The more I fly the more I seem addled with worry and anxiety. It’s like I’m a victim of the law of averages; the more I fly, the more I’ve increased the probability that I will, in fact, die by means of death by plane crash. And I can’t seem to get over this faulty thinking. Nor can I even play it cool in front of others when it comes to exposing my emotions. What is it about me that simply cannot enjoy travel, movement, adventure without it having some element of doom?
Oh, right, of course. Remnants of a childhood of chaos and instability.
But, come on. I need to get over this. I need to just be done with my fear of death once and for all. So what if the plane crashes. So what if we all die. It was bound to happen anyway, right? I’m more apt to die in a car crash, right? Not as far as my brain is concerned.

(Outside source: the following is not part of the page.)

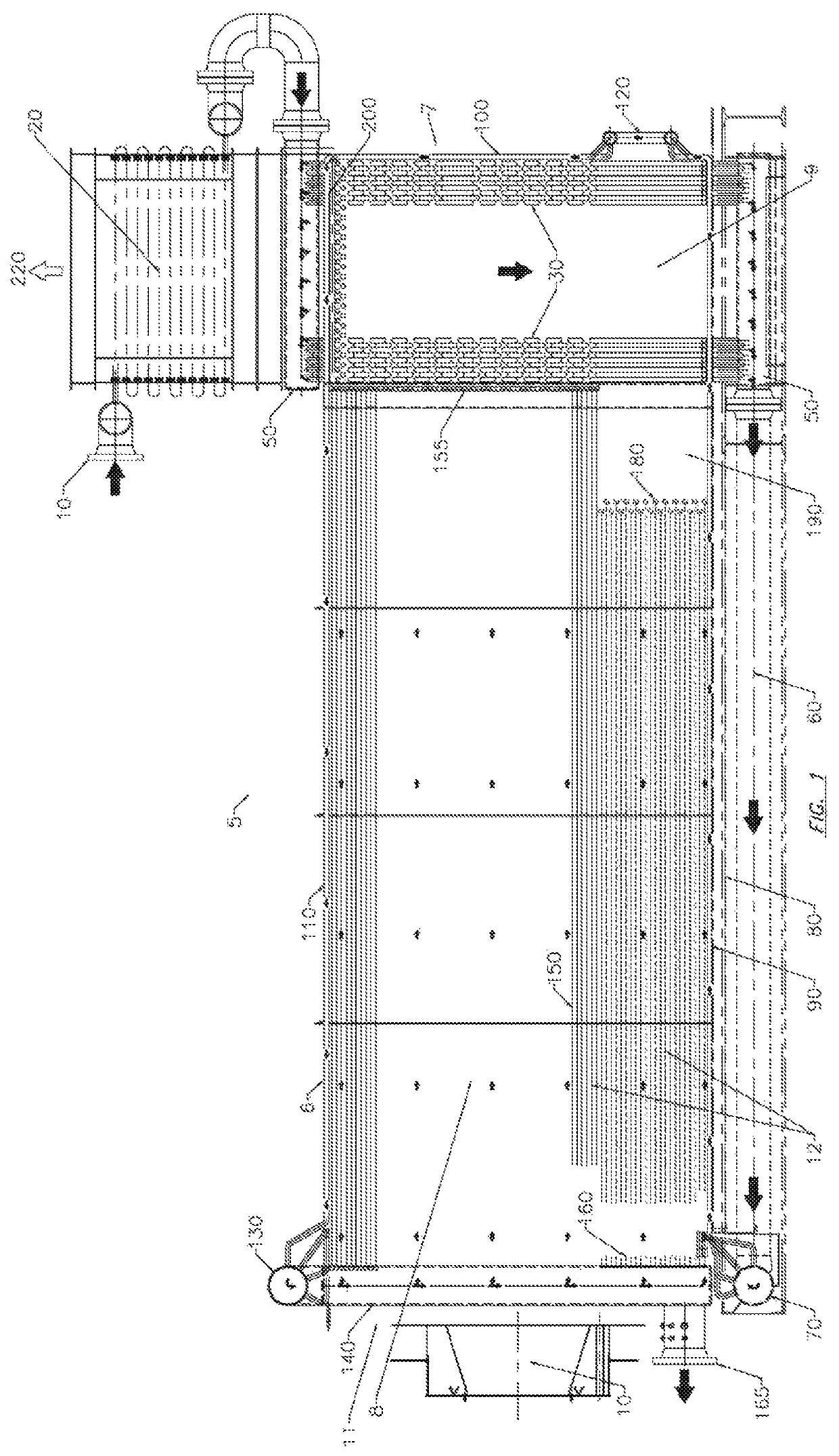 High temperature fluid generator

A little over a year ago, when I was single and feeling abruptly alive I took a flight to Nassau to spend the day with my brother so as to do some work on our house. And while there was anxiety building up to the trip, there was an eerie sense of calm once I hopped on the plane alone- no hand to hold. I was fearless. Remember that one? If not, it’s here. And re-reading it almost leads me to believe that it’s D’s fault. When there’s no one in my life, I’m FINE. I don’t fear flying. But when I am dating, I am overblown with gut-wrenching fear.
OK….I don’t really believe it’s D’s fault. It’s my own. And just as some people have to get over their fear of waking up every morning, or applying for a job, or being a good mother, I have to get over my fear of flying.
But you see, it’s this script that plays and has played for many years, and it reads like this:
Beautiful, upper-middle class woman with two children, had it all, finally got her life together, the envy of friends and acquaintances (OK, I’m flattering myself) suddenly, by some stroke of predestined irony, a la every depressing French film you’ve ever seen, died today during a routine flight with her boyfriend and their kids to a cutesy little condo in Naples, Florida. What was meant to be a fun little family vacation, turned into a nightmare. Services will be held at blah, blah, blah to mourn her death and celebrate her life– cut so tragically short.
This is the script I must abandon. Otherwise, I forfeit my happiness and the happiness of others.
So…is there a moral to this story? Will she end it on a good note? How about this– The nurse practitioner just called and approved two diazapams for me. Two. So I firmly responded by saying, “That’ll get me to the airport. I actually need to get on the plane.”